Write out the records word for word.
--- Supplied records Enclosed Below ---
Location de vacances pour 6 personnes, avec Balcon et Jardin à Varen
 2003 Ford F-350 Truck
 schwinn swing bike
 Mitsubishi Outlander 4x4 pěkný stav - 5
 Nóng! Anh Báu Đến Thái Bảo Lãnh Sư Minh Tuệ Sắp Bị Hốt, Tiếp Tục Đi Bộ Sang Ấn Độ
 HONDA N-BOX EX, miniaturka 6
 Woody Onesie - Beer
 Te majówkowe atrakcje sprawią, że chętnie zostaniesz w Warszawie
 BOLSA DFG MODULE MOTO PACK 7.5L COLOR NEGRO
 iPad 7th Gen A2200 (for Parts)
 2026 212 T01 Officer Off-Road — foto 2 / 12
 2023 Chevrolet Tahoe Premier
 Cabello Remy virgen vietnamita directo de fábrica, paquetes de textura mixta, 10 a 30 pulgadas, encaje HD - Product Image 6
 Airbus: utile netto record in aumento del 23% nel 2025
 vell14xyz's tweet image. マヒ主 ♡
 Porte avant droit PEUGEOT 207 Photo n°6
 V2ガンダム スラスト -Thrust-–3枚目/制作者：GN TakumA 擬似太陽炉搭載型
--- End of Enclosed Supplied records ---
[Written solution]
Location de vacances pour 6 personnes, avec Balcon et Jardin à Varen
 2003 Ford F-350 Truck
 schwinn swing bike
 Mitsubishi Outlander 4x4 pěkný stav - 5
 Nóng! Anh Báu Đến Thái Bảo Lãnh Sư Minh Tuệ Sắp Bị Hốt, Tiếp Tục Đi Bộ Sang Ấn Độ
 HONDA N-BOX EX, miniaturka 6
 Woody Onesie - Beer
 Te majówkowe atrakcje sprawią, że chętnie zostaniesz w Warszawie
 BOLSA DFG MODULE MOTO PACK 7.5L COLOR NEGRO
 iPad 7th Gen A2200 (for Parts)
 2026 212 T01 Officer Off-Road — foto 2 / 12
 2023 Chevrolet Tahoe Premier
 Cabello Remy virgen vietnamita directo de fábrica, paquetes de textura mixta, 10 a 30 pulgadas, encaje HD - Product Image 6
 Airbus: utile netto record in aumento del 23% nel 2025
 vell14xyz's tweet image. マヒ主 ♡
 Porte avant droit PEUGEOT 207 Photo n°6
 V2ガンダム スラスト -Thrust-–3枚目/制作者：GN TakumA 擬似太陽炉搭載型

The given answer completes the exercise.